Nathaniel Cross is a trombonist from South London who over the course of the last four years has played on records by everyone from Moses Boyd to Zara McFarlane to Sons of Kemet, as well as his brother, tubist/trombonist Theon Cross. Now he’s finally stepping out on his own as a solo artist, delivering his first EP on First Word Records, The Description Is Not The Described.

For this project, Cross assembled an ensemble that includes Dylan Jones on trumpet, Richie Garrison on sax, Simon Mitchell on keys, and Saleem Raman on drums. Over the course of four songs, they sound tight as can be as we work through four original compositions from Cross. While at the core of it this is a jazz project, Cross grew up in a Caribbean British household, and as a result, he’s also bringing in influences from other types of music he grew up with, such as dancehall, calypso, hip hop, gospel, and West African music. Where these influences seep into the music usually comes in the form of basslines and rhythms, bringing some funk and soul to the tracks, as well as a few production techniques that help blend the genres as well. If you look through the song titles, you’ll get a sense of the range of inspirations that Cross is bringing to the table with his songwriting, from the deeply personal and emotional opening track, “Goodbye For Now,” which he wrote for his recently passed father, to the personal struggles of “Charge it to the Game” and “Light in the Darkness,” to the politically charged “Who Looks Inside, Awakes.” With this project, Cross is not just establishing himself as a formidable trombonist, but also as a really thoughtful composer and arranger.

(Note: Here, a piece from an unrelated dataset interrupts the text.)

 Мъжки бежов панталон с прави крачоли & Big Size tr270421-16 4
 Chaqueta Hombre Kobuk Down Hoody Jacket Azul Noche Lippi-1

He can put a lot of himself into the music, but he can also bring a lot of people together and bring these visions to life and really make them cook in the process.

The Description Is Not The Described is a great starting point for Nathaniel Cross’s solo career. It’s incredibly mature and musically challenging, yet still accessible and fun to listen to. It’ll pass muster with the jazz heads, but it’s got crossover appeal with Cross’s feel for funk and melody.